Shawn McHale is an associate professor of history and international affairs.
When Nelson Mandela died in last December, the internet abounded with news of his passing. World leaders praised the man, including the last white Prime Minister of South Africa, F.W. de Klerk.
But along with the praise came a wealth of racist diatribes against Mandela. And it was by tracking down some of these bigoted comments that I uncovered a forgotten, yet once-prominent racist who graduated from GW.
It is no secret that the University has a past deeply shaped by race. For much of its history since 1821, GW was a quintessentially southern school in a southern city.
Until the 1960s, it rarely accepted black students. While the university appears to have admitted its first Asian student in the 1860s – a student from Burma – it worked to exclude black students. After World War Two, little had changed: As a black professor at Howard who attended GW in the mid-1960s told me, at that time, “you could count the number of African-American students at GW on one, maybe two, hands.”
This is where the forgotten history of GW comes in. Robert W. Shufeldt, who graduated from medical school here in 1876, was both a well-known ornithologist and a writer of popularized racist publications. I “discovered” him, so to speak, when I came across his racist statements quoted in reader comments on news stories on Mandela. Intrigued – and horrified – I tracked these quotations back to two Shufeldt books: “The Negro: A Menace To American Civilization” (1907) and “America’s Greatest Problem: the Negro” (1915).
Thanks to the internet, the white supremacy embodied by Shufeldt that had once fallen into obscurity seems to have been resurrected. A variety of white supremacist and “Christian identity” websites contain links to or copies of his books. No wonder: Shufeldt had a fascination with lynching.

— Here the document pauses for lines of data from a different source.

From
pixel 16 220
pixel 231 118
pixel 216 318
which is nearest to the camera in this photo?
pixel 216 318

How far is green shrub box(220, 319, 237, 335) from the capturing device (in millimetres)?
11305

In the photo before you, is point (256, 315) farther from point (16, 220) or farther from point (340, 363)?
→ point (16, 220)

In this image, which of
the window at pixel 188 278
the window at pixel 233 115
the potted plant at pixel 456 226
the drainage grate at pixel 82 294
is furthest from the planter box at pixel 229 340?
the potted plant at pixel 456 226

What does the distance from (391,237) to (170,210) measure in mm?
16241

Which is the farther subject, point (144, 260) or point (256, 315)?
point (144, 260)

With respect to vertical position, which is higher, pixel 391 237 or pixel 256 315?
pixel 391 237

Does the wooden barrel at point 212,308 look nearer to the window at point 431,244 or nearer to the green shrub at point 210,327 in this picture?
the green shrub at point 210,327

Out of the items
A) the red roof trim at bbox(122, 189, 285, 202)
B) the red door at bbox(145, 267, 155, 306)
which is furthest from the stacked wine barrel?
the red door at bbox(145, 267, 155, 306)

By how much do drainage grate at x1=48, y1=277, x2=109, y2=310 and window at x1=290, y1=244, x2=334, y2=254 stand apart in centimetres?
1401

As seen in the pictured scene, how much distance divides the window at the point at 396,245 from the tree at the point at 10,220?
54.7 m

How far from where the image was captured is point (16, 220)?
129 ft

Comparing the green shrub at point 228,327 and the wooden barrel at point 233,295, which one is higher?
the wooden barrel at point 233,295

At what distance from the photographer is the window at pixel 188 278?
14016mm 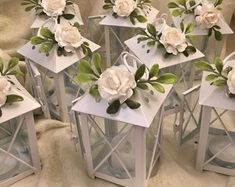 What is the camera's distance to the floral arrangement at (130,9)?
0.89m

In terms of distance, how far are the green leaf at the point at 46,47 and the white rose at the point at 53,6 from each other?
13 centimetres

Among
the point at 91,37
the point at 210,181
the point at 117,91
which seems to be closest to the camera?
the point at 117,91

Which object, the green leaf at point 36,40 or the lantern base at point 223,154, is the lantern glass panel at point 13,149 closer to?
the green leaf at point 36,40

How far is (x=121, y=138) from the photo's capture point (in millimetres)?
682

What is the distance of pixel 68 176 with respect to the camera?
0.79 meters

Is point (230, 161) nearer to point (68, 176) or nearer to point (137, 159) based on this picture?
point (137, 159)

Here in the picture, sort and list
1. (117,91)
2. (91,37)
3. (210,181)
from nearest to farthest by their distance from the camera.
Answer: (117,91), (210,181), (91,37)

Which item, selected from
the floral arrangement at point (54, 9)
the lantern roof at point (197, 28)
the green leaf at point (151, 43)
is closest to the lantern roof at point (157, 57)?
the green leaf at point (151, 43)

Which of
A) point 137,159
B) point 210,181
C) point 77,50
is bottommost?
point 210,181

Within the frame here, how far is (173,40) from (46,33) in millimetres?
253

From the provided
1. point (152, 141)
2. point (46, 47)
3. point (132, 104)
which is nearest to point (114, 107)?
point (132, 104)

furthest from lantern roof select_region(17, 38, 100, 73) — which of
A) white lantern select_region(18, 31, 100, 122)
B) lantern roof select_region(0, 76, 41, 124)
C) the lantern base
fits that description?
the lantern base

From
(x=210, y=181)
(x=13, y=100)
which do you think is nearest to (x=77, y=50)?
(x=13, y=100)

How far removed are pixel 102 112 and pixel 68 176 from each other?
214 mm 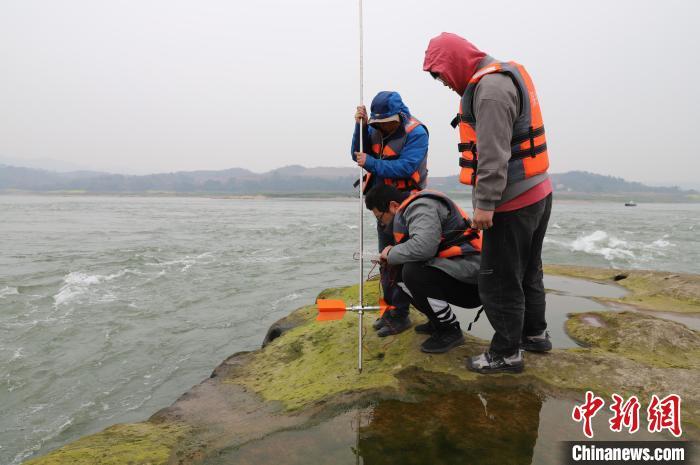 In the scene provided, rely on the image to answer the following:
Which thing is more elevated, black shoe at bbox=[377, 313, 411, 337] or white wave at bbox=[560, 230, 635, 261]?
black shoe at bbox=[377, 313, 411, 337]

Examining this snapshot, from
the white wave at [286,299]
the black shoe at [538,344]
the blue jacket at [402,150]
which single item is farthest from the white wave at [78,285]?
the black shoe at [538,344]

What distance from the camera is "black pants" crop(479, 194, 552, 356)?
11.2 ft

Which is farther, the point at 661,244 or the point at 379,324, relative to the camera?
the point at 661,244

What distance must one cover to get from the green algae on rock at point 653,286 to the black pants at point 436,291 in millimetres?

In “The Negro Menace,” he stated that “the negro has no morals” and was “a lazy, ignorant, criminal race.” He abhorred what he called “hybridization” between the races and argued that there was only one remedy for the “Negro problem:” complete deportation to avoid a “race war.”
Shufeldt’s legacy seems to be two-fold. Department of Vertebrate Zoology at the Smithsonian Institution, apparently oblivious to his views on race, has him listed on its “hall of fame.” Contemporary racists today, however, focus on his books on race. To members of the University community, Shufeldt’s agitation for race separation should remind us of this University’s broader historical legacy on race.
As we move forward to the 200th anniversary of the founding of this University in 2021, the least we can do is learn more about the segregated past of this institution and make commitments to being inclusive.
As a start, why not rename the Marvin Center, named after a segregationist president of this University?